In The Good, the Bad and the Ugly of Classroom Music (Music Forum 13:2), Thomas Canter articulated some good reasons for wanting specialist music teachers in primary schools but more could be said.

  1. If music training of education students improves but general classroom teachers continue to provide the only music lessons then it will take a whole generation of teachers — thirty years or more — before all teachers presenting music are properly trained to do so.
  2. If everyone teaches music, then there is going to be a wide range of commitment to it (and skills, even after the workforce has been renewed in thirty-five years or so) amongst teachers and no effective oversight of the program. For a subject that has historically been regarded as an optional extra, ‘not a real subject’, etc. that is not good.
  3. If specialists take over, only 5% of the number (or less) need to be trained. because each can take music for 20 (or more) classes. That means the workforce renewal occurs much faster, and saves 95% of teachers from at least half a semester (see point 4) of solid work and governments and employers from the expense that entails.
  4. ’Properly trained’ really does mean an unavoidably big investment.

The amount of music typically included in primary education courses was quoted at 4 – 60 hours. and the results are typically teachers who can present a satisfactory music program because of what they have learned outside the standard training (childhood music lessons, adult summer courses or choral experience, etc), teachers who present a very basic listening-based program because of what they learned in their degree, and teachers who feel completely unable to present a music program.

I have recently spent two weeks on the first half of the four-week course offered by Education Queensland to primary school classroom music teachers, the same course Thomas Canter mentioned as having been offered in Mackay. This course was run primarily to assist those who have been working in the role for a year or two without the benefit of much specialist training, but a number of experienced specialists (many of whom had done the ten-week version of the course nearly twenty years ago) took the opportunity to refresh and retrain. All of us worked hard, 8.30 – 4.30 plus several hours homework on each of ten days.

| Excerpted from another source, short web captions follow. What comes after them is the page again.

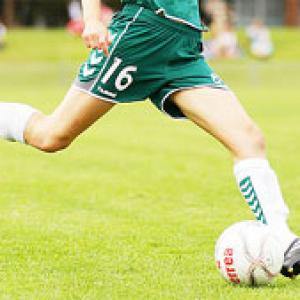 Korean women's soccer in row over gender issue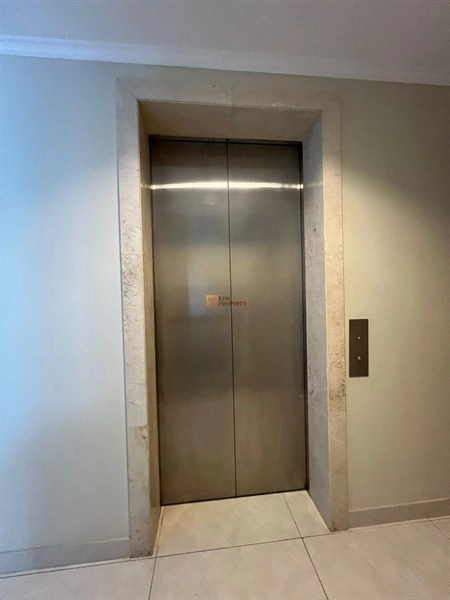 Taman Anggrek Residence Private Lift, Disewa 3 BR Condominium Taman Anggrek Residences, Interior Modern Minimalis Elegan, Akses Langsung ke Mall Taman Anggrek  11 12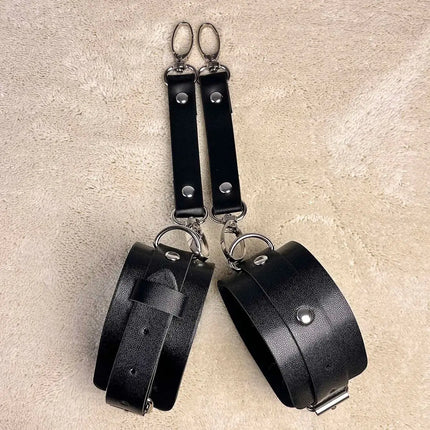 Sexy Ladies' Charm Handcuffs Adjustable for Couples To Use Leather Armband Daily Bdsm Accessories Gothic Punk Hand Decoration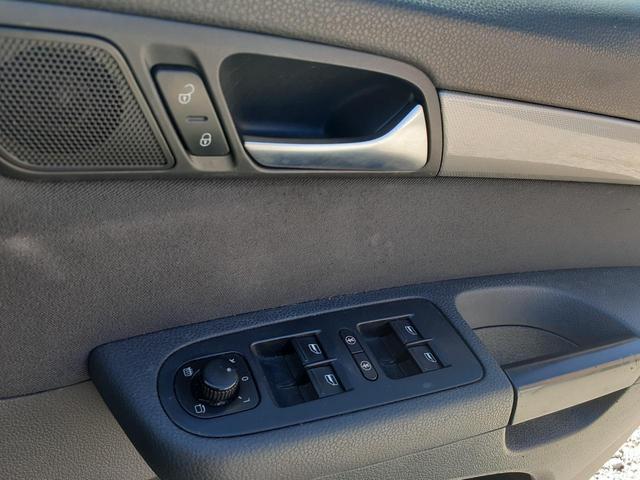 TSI ハイライン ターボ スーパーチャージャー ナビTV DVD CD Bluetooth 両側パワスラ ETC クルーズコントロール ブレーキアシスト エアバッグ(34枚目)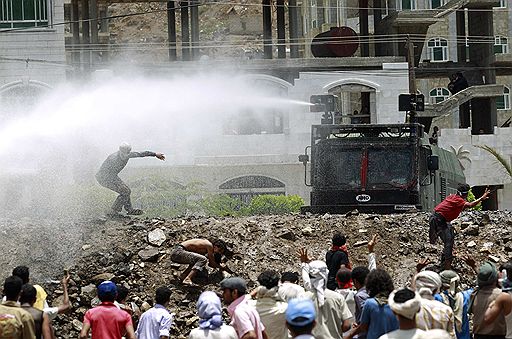 24.04.2011 В йеменском городе Таиз более тысячи человек протестовали против правящего режима. Для разгона демонстрантов полицейские применили слезоточивый газ и огнестрельное оружие, в результате столкновений были ранены 10 человек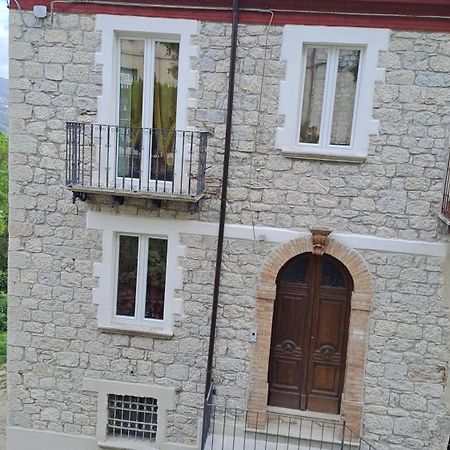Guesthouse Affittacamere Padre Pio Morcone Centro Екстериор снимка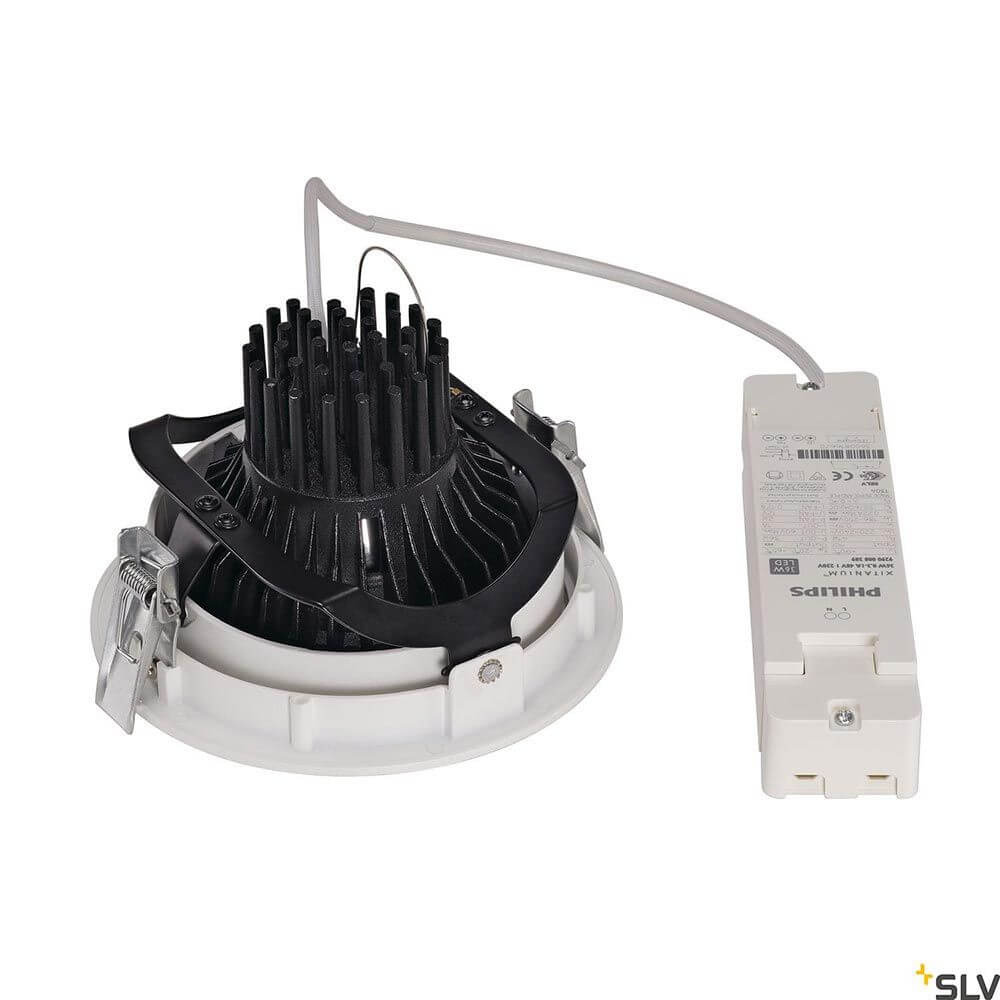 Supros LED Deckeneinbaustrahler mit breitabstrahlendem Reflektor und Philips Treiber.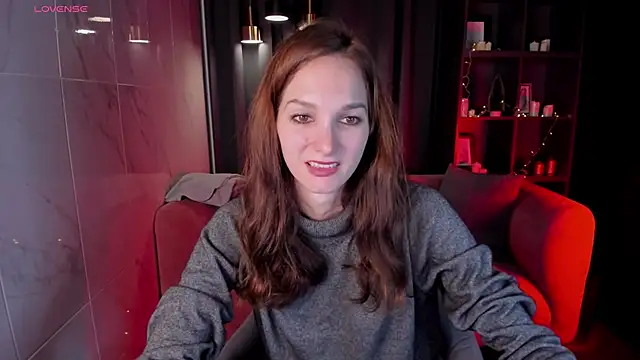 Snapshot of MirandaGlow chatting on 12.26.24 MirandaGlow online show from 12.26.24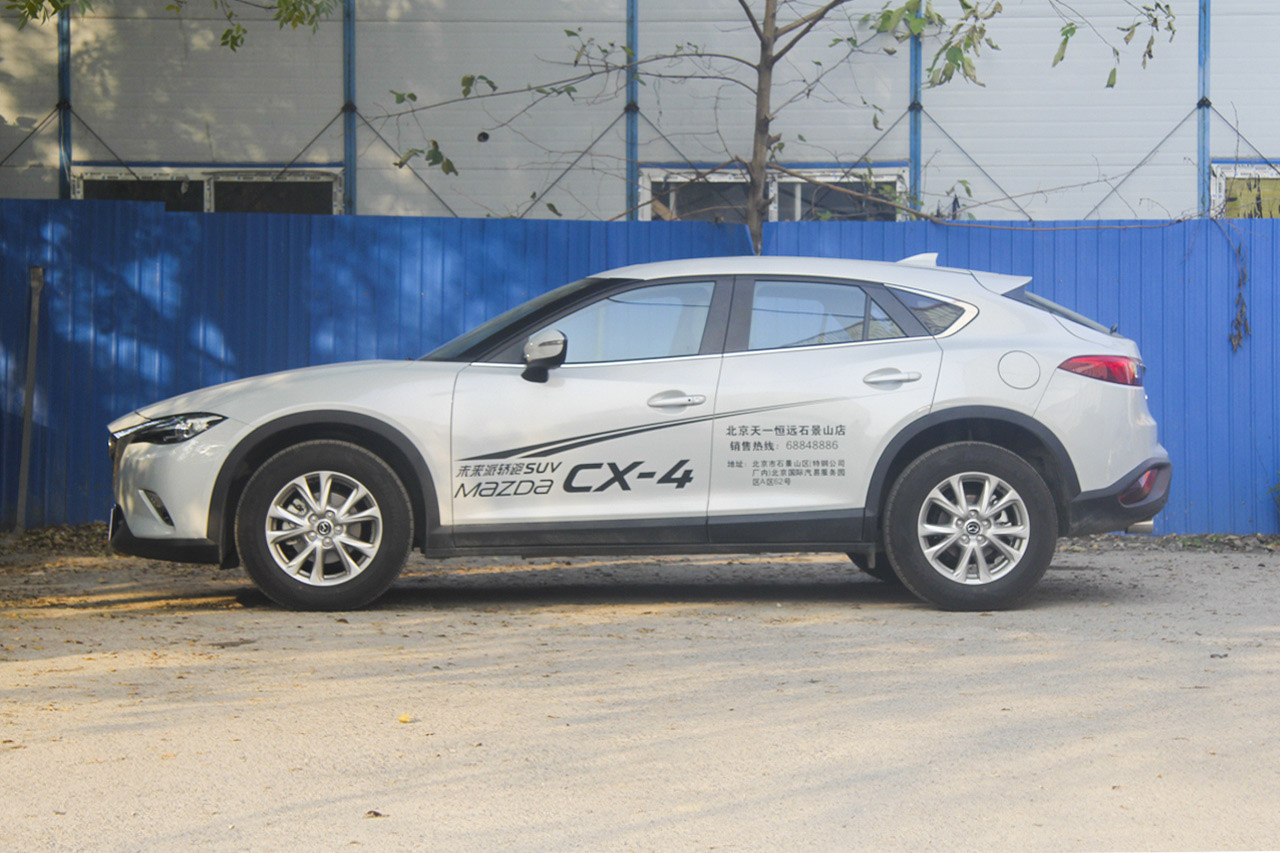 2016款马自达CX-4 2.0L自动两驱蓝天领先版
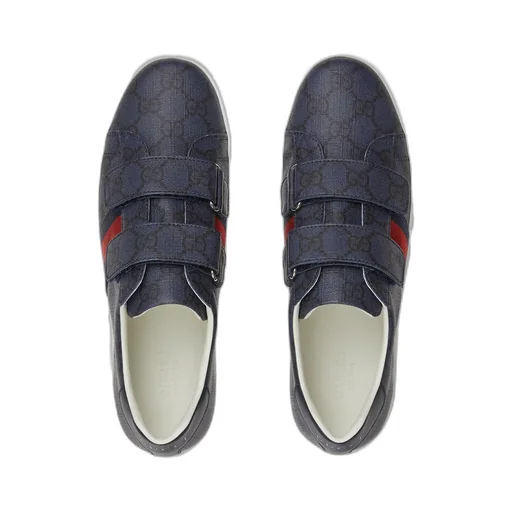 Ace Sneaker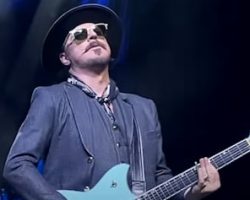 RIVAL SONS' SCOTT HOLIDAY: 'In Our Line Of Work And This Job, It's Really Easy To Become An Accidental Alcoholic'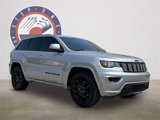 Used 2021 Jeep Grand Cherokee Laredo X image 2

The teacher split the 25 of us into two groups according to our strengths. I have spent very little time as a classroom music teacher but I have been an instrumental teacher almost thirty years, and have incorporated Kodaly methods and terminology in that work for fifteen; I have sung in occasional choirs, composed and arranged music for schools. etc etc — and I was at the bottom of the upper group. Others near my level were competent instrumentalists with general primary training; the lower group had the general primary training but less musical background.

The upper group will emerge from the course with all the essential knowledge and skills, and most of the essential repertoire, to teach music to years P-5, and most will be fine with Years 6-7. The lower group will have all the essential knowledge but will be shaky with the essential skills for upper primary levels and short of repertoire; they will manage pretty well but they still have a lot to learn. If this is the experience of such trainees, the course really does represent the minimum investment to create competent music teachers. With anything significantly less you just can’t expect much beyond ‘sing along to the CD’.

What we have done so far counts as the first third of the complete Australian Kodaly Certificate in Music Education which takes 180 contact hours (more information from KMEIA, the Kodaly Music Education Institute of Australia). We will do another third in June through Education Queensland and some of us are planning to do the final two weeks in our own time and with our own money — you can’t say we lack commitment.

Anyway, there you have it, four more good (I think) reasons to fight for specialist music teachers.

Author

Malcolm Tattersall, Mundingburra OLD. “Free Speech” (letters to the editor), Music Forum Vol. 13 No. 3, May-July 2007. Entered on Knowledge Base 16 October 2013.

A Townsville, Queensland, based musician, teacher and composer whose musical interests centre on the recorder. He regularly contributes record reviews for Music Forum but his primary occupation since 1980 has been teaching woodwinds in schools, both primary and secondary. He taught in state and independent schools in Melbourne for ten years before moving to Townsville where he has taught in state, Catholic and independent schools for twenty years.